Here is how to make an empty data frame in R only with column names. Choose between 4 different methods that you can use to achieve that, and decide which of those fits better for you.
Very helpful to make sure that combining data columns beginning always stays the same.
Create an empty data frame in R
Here is how to create an empty matrix in R that contains necessary rows and is used for the empty data frame. After that, the names of the columns are defined.
# create empty data frame empty_df <- data.frame(matrix(ncol = 5, nrow = 0)) # define column names names(empty_df) <- c("dt", "main", "description", "lat", "lon")
The next one is a conventional way to create an empty data frame with defined data types. Check them with function typeof.
empty_df <- data.frame(dt = double(), main = character(), description = character(), lat = integer(), lon = integer(), stringsAsFactors = FALSE) typeof(empty_df$dt) # "double"
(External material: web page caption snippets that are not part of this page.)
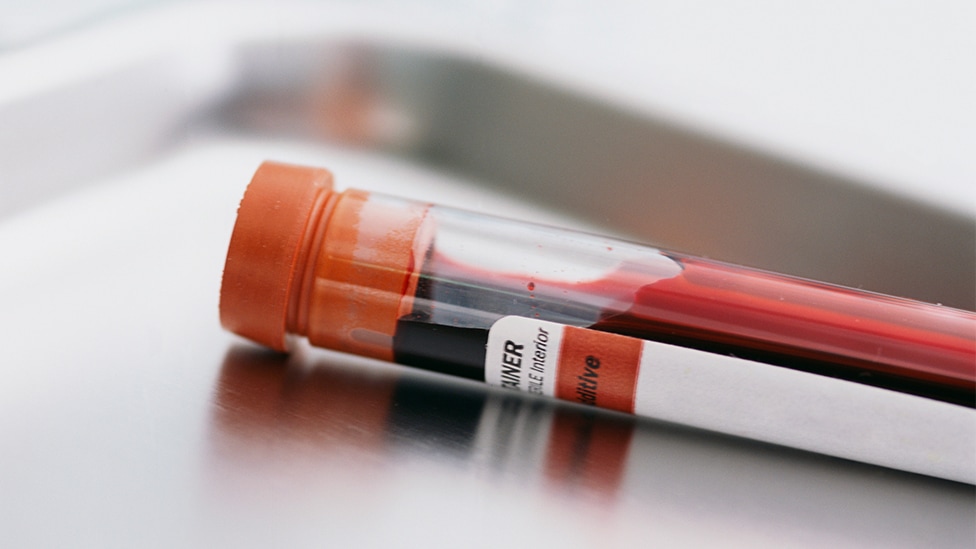 Genetische Bluttests auf Chromosomen-Abweichungen (Quelle: Tom Grill / Corbis / via Getty Images) Verschlossene Blutprobe in Reagenzglas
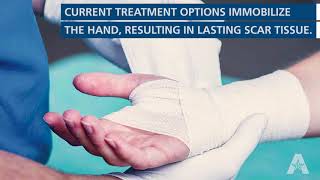 ReHeal Glove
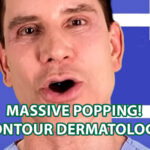 Satisfying Short Pops Compilation | Contour Dermatology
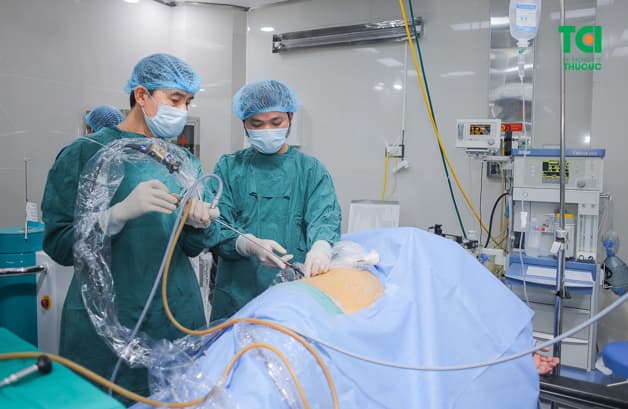 Tán sỏi qua da giá bao nhiêu phụ thuộc vào chi phí ca phẫu thuật, phí dịch vụ cùng các chi phí trước và sau tán sỏi khác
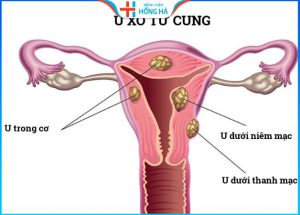 U xơ tử cung: Các triệu chứng và cách chữa trị hiệu quả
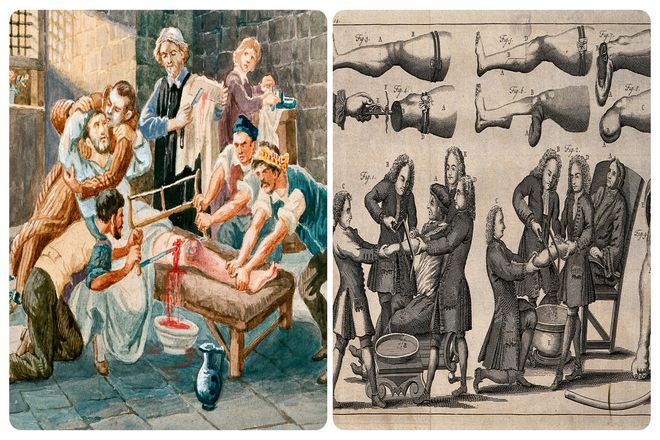 В прошлом палачи ампутировали больше частей тела, чем врачи. Наряду со смертной казнью, ампутация или нанесение увечий считались самым суровым наказанием.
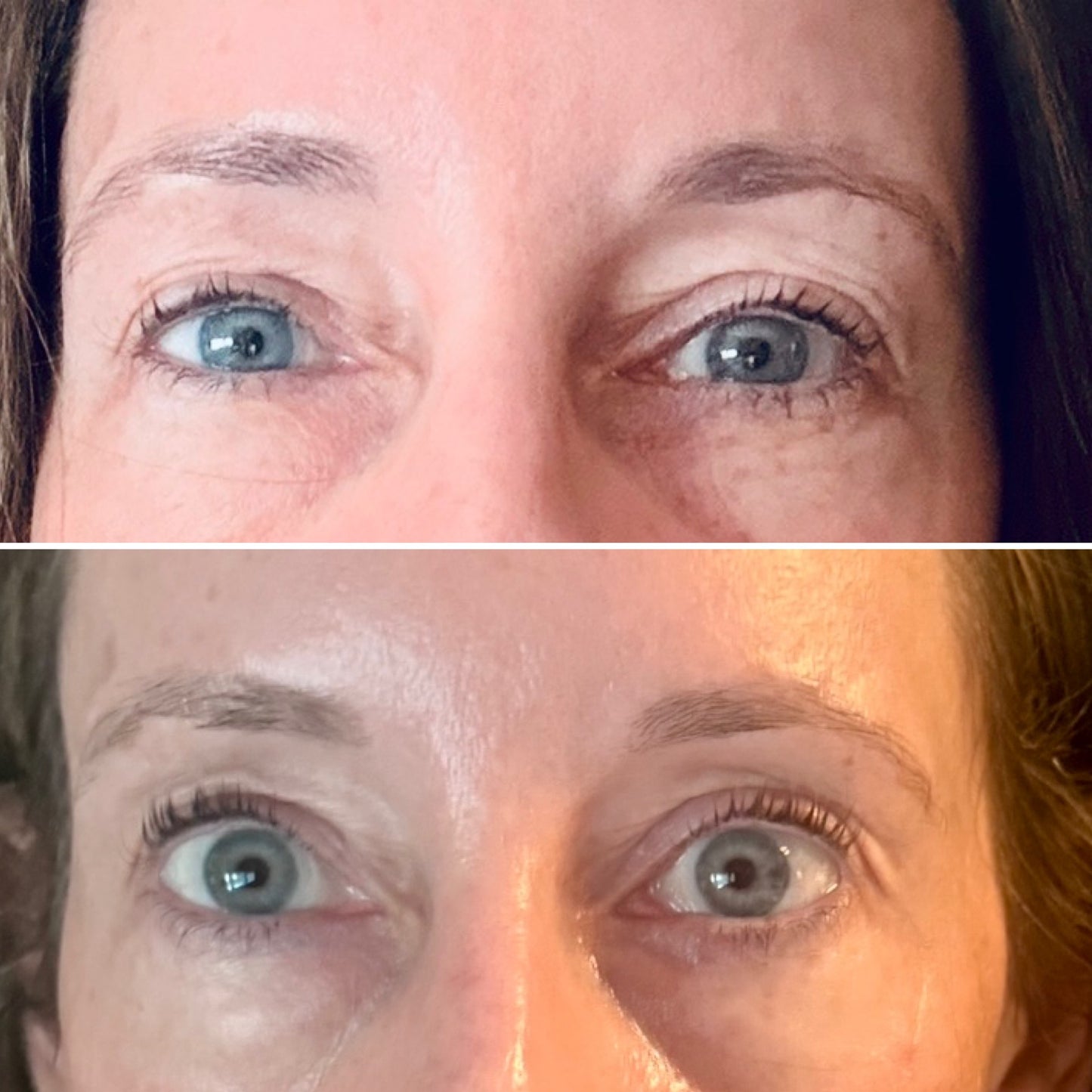 Christmas in July Sale - NeoGen PSR Gel Eyes - Single Session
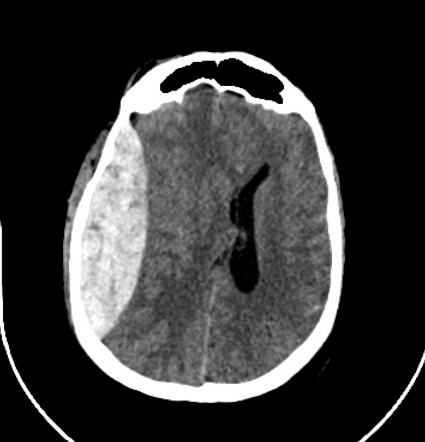 Extradural hemorrhage | Radiology Reference Article | Radiopaedia.org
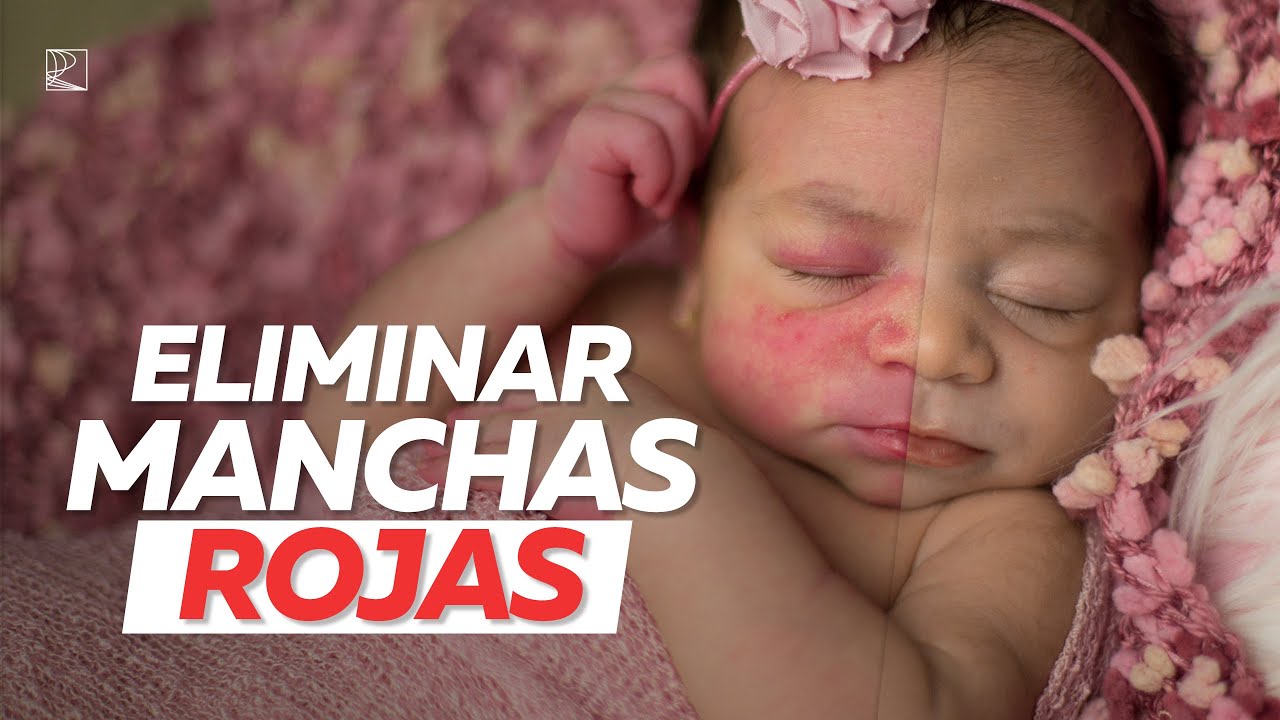 Cómo eliminar naturalmente las manchas de la piel en los ensayos de recién nacidos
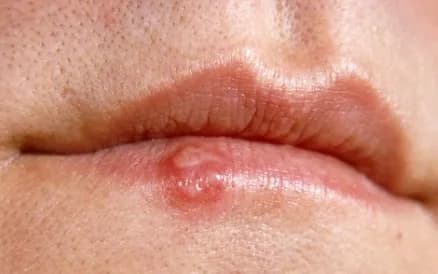 Close-up of a raised fluid-filled blister on the upper lip.
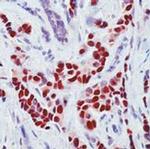 Estrogen Receptor alpha Antibody in Immunohistochemistry (Paraffin) (IHC (P))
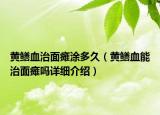 黃鱔血治面癱涂多久（黃鱔血能治面癱嗎詳細(xì)介紹）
If you have an existing data frame, use that to create an empty one. Choose what you need and remove all data frame rows.
empty_df <- iris[FALSE,] empty_df # Sepal.Length Sepal.Width Petal.Length Petal.Width Species #<0 rows> (or 0-length row.names)
A trick to create an empty data frame
There is the fourth option that is not so straightforward. I found that in this blog, and the idea is that the read.csv function inserts a string that contains necessary column names.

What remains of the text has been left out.